This is a Streamlit-based application that allows users to upload multiple PDF files and ask questions about their content. The application uses OpenAI language models to interpret queries and provide answers based on the uploaded PDFs. The app employs a vector-based index to enhance the question-answering capabilities on multi-page or multi-document PDFs.
- Multi-Document Upload: Upload up to 5 PDF files simultaneously.
- Model Selection: Choose between different OpenAI language models for custom performance.
- Dynamic Index Creation: Automatically creates an index from uploaded PDFs to enable efficient querying.
- Interactive Q&A: Enter questions and receive detailed answers based on the document content.
- Conversation History: Track past questions and answers within the session.
- Python 3.8+
- Streamlit
- OpenAI API Key
- PyMuPDF4LLM
- LlamaIndex
-
Clone the Repository
git clone https://github.com/OrenGrinker/pdfLLM.git cd pdfLLM
-
Install Dependencies
Make sure you have pip installed. Run the following command to install the required Python packages:
pip install -r requirements.txt
3.Set Up OpenAI API Key
The app requires an OpenAI API key to function.

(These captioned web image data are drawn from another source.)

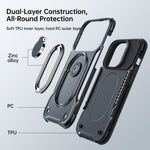 Custodia per telefono JOYROOM PC + TPU antiurto a doppio strato con supporto girevole, For iPhone 14, For iPhone 14 Pro, For iPhone 14 Plus, For iPhone 14 Pro Max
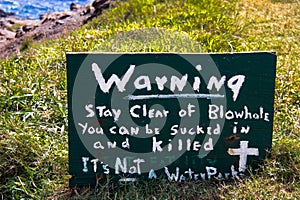 Blowhole Warning Sign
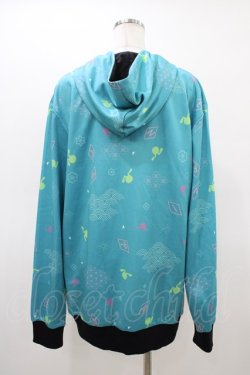 画像2: NieR Clothing / 総柄ZIPパーカー  グリーン H-26-03-15-054-PU-TO-KB-ZH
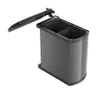 A dark gray and black dual-compartment trash can with its lid open, shown against a white background. Voir les images du produit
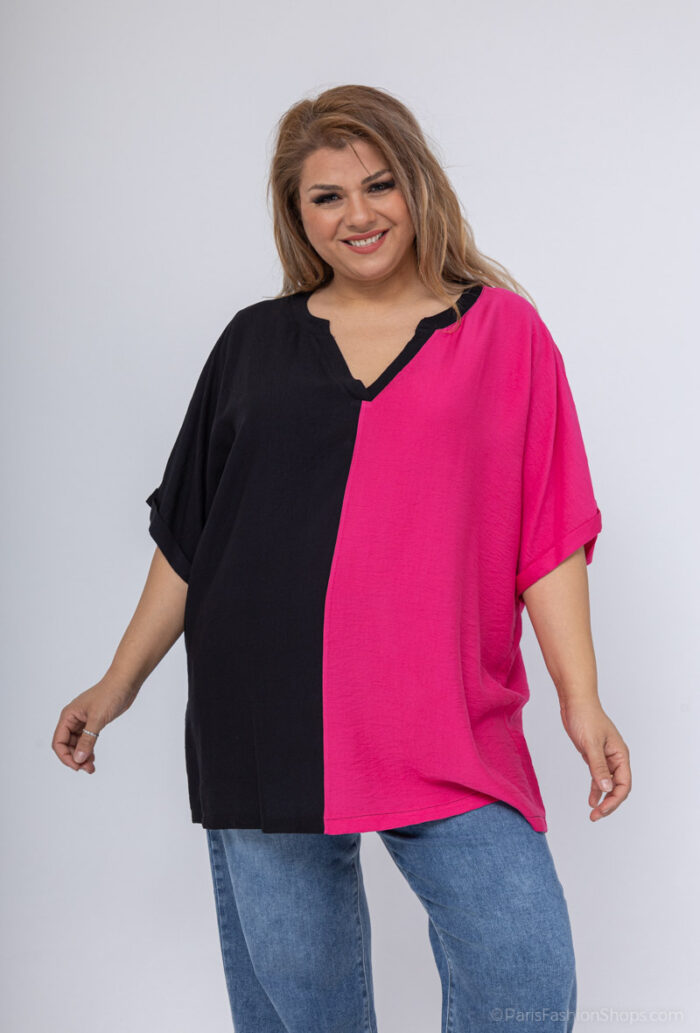 TOP Bicolore - rose / noir - du 46 au 60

You will be prompted to enter your API key when running the application.
-
Run the Application
Start the app by running the following command:
streamlit run app.py
-
Upload PDF Files
In the sidebar, you can upload up to 5 PDF files. The app will create an index for efficient querying.
-
Ask Questions
Enter questions in the main content area, and the app will retrieve answers based on the content of the uploaded PDFs.
-
Choose Model Select a model from the sidebar (e.g., gpt-4o, gpt-4o-mini, or gpt-4) to adjust response specificity and speed.

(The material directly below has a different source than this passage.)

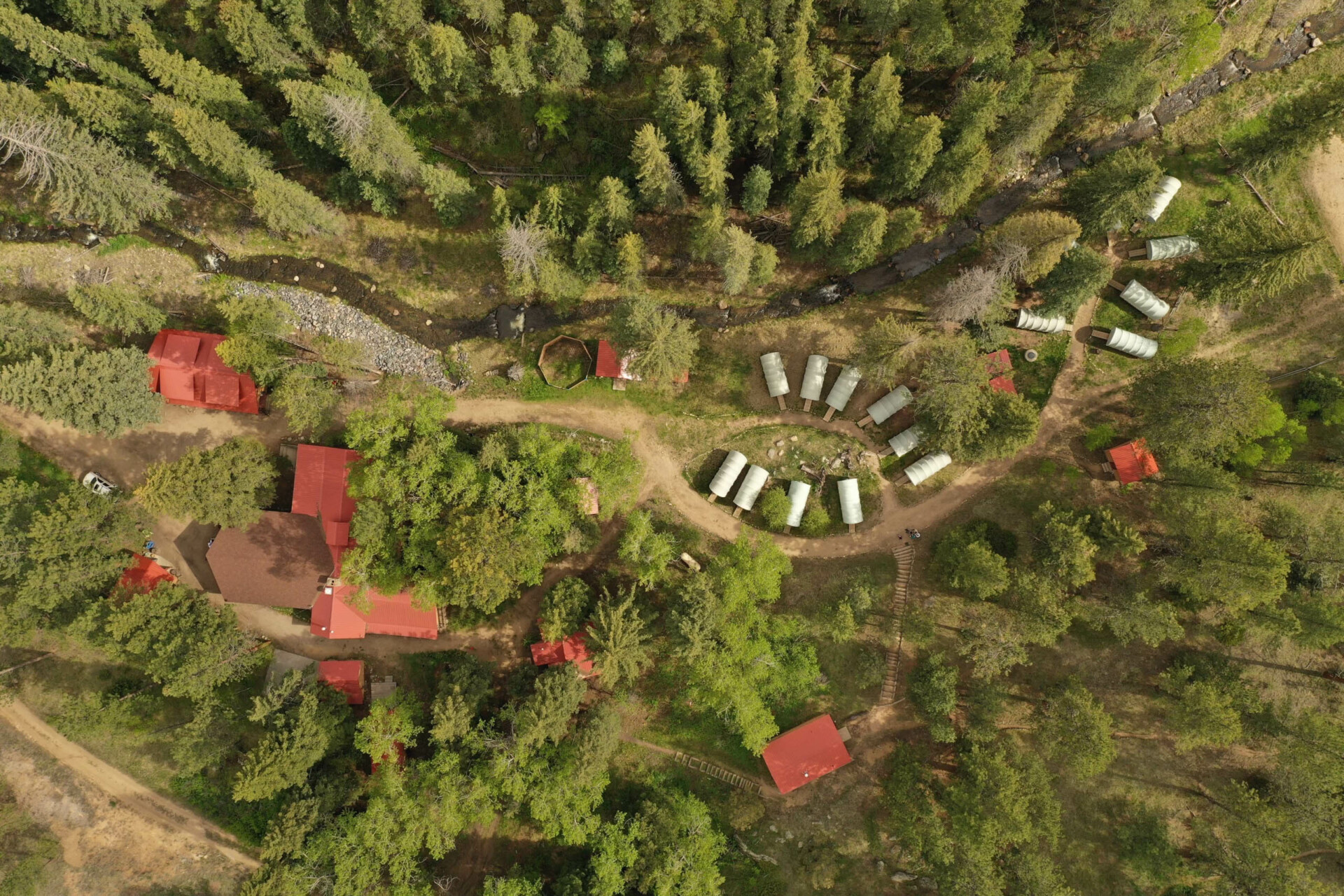 Aerial view of the cabins.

- app.py: Main file that initializes the Streamlit app, sets up user interface components, and handles interactions.
- utils/index_utils.py: Contains functions to create a vector-based index from uploaded PDFs.
- utils/query_utils.py: Provides functions to query the index and retrieve answers based on user input.
- Upload your PDF files in the sidebar.
- Choose the desired model for response generation.
- Ask questions about the content of the PDFs in the main input field.
- View answers and scroll through conversation history to see previous queries and responses.
Feel free to open issues or submit pull requests for any improvements or bug fixes.
This project is licensed under the MIT License.